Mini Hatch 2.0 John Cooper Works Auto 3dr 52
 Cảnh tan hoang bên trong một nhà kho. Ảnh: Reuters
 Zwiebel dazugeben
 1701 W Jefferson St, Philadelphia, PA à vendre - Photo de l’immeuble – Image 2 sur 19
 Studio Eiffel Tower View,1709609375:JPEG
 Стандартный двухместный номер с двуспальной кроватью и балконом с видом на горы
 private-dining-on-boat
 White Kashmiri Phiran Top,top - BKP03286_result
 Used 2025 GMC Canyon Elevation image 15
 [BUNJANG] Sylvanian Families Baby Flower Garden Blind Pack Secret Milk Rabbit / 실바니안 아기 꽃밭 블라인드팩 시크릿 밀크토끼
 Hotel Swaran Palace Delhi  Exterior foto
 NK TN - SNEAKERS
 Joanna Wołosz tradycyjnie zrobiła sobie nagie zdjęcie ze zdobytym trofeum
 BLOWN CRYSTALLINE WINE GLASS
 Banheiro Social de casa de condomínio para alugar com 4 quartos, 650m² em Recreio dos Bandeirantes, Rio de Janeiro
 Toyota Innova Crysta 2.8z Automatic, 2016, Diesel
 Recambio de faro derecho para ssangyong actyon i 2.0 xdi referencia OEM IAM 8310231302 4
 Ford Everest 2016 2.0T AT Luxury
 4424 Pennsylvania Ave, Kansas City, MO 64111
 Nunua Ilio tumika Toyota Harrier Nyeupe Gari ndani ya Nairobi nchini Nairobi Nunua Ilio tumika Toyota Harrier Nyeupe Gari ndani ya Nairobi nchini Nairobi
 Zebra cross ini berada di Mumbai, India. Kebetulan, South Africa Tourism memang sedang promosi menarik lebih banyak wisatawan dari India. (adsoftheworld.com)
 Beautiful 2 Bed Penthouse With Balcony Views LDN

▬▬▬

* What to produce
Could you set down, exactly as written, the lines above between the one holding "Banheiro Social de" and the one holding "Toyota Innova Crysta", inclusive, and nothing more?

* Result for this task
 Banheiro Social de casa de condomínio para alugar com 4 quartos, 650m² em Recreio dos Bandeirantes, Rio de Janeiro
 Toyota Innova Crysta 2.8z Automatic, 2016, Diesel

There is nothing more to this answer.